Dover, DE: An employee who uses medical cannabis in compliance with state law to heal from a work-related injury may be denied workers’ compensation, according to a ruling by the Delaware Superior Court.
The Court’s ruling affirmed that the state’s Industrial Access Board acted appropriately when it denied an employee’s claim for medical marijuana-related reimbursement costs because the weight of the evidence did not find the treatment to be “reasonable and necessary” – a standard that must be met under the state’s Workers’ Compensation Act.

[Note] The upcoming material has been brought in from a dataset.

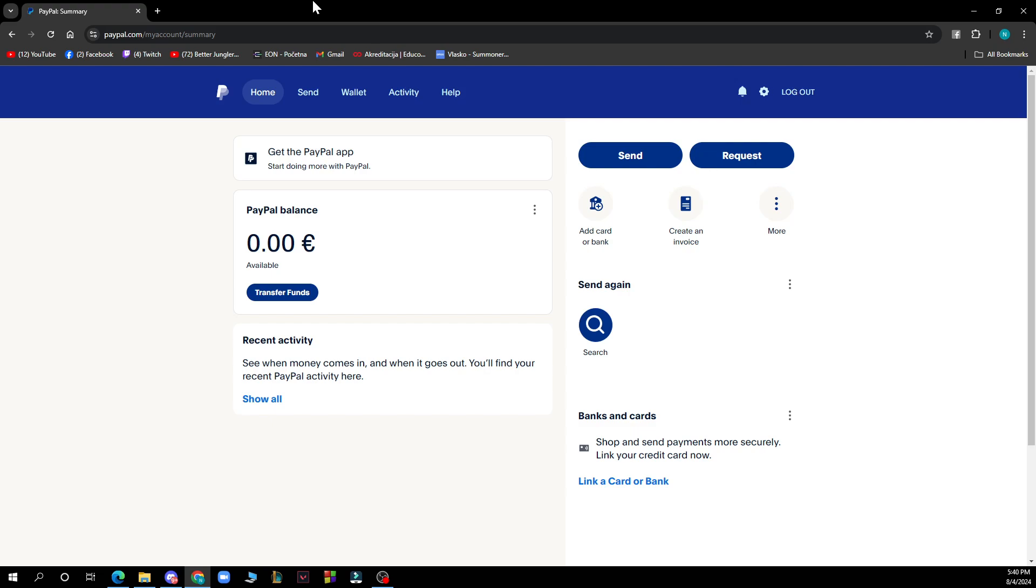The first thing that you need to do is go to paypal.com and you'll be greeted by a screen looking like this. After that you just need to log into your profile or register to PayPal if you do not have a profile on that platform.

It determined: “The General Assembly’s finding that medical marijuana can effectively treat some patients does not amount to a finding that medical marijuana is ‘reasonable and necessary’ to treat all patients. Indeed, whether medical treatment is reasonable and necessary is an individualized inquiry. Thus, the General Assembly’s acknowledgment of medical marijuana’s efficacy in treating some patients does not preclude a finding that medical marijuana is not reasonable or necessary for [this] particular patient.”
Courts in several other states, including New Jersey and New Hampshire, have determined that employees injured on the job are eligible to have their medical marijuana-related costs reimbursed by their employers.
The case is Nobles-Roark v. Back Burner, Case No. N19A-11-001 ALR (Del. Superior Ct. July 28, 2020).